All of the data is to be written out again exactly, without the pictures.

DATA BLOCK »
────

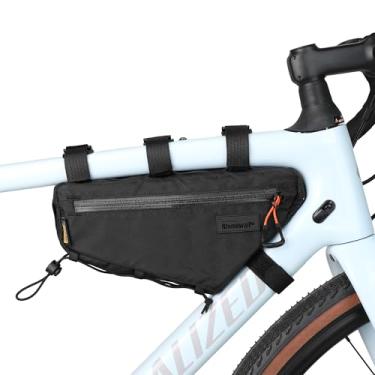 Imagem de abamita Bolsa para quadro de bicicleta, bolsa triangular, impermeável, 1,7 L, com dois bolsos laterais de malha para MTB, ciclismo, viagens e aventuras ao ar livre
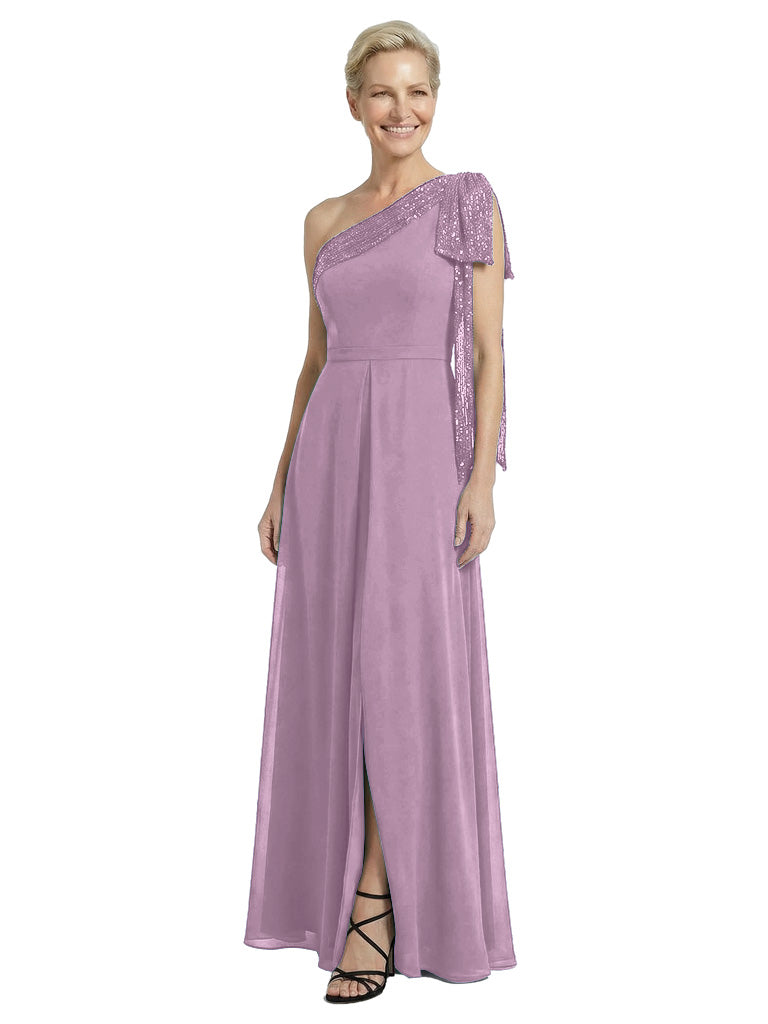 Modern One Shoulder Sequin A-Line Chiffon Mother Of The Bride Dress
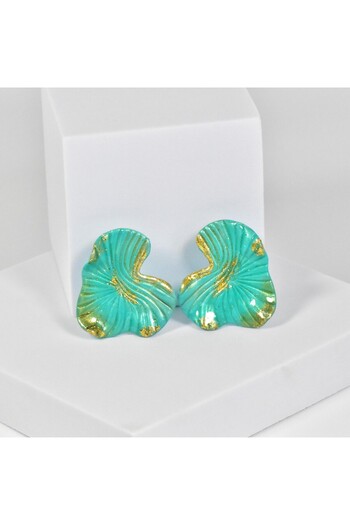 NARRU Handmade earrings, turquoise and gold, Antheia 19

────

YOUR SOLUTION »
 Imagem de abamita Bolsa para quadro de bicicleta, bolsa triangular, impermeável, 1,7 L, com dois bolsos laterais de malha para MTB, ciclismo, viagens e aventuras ao ar livre
 Modern One Shoulder Sequin A-Line Chiffon Mother Of The Bride Dress
 NARRU Handmade earrings, turquoise and gold, Antheia 19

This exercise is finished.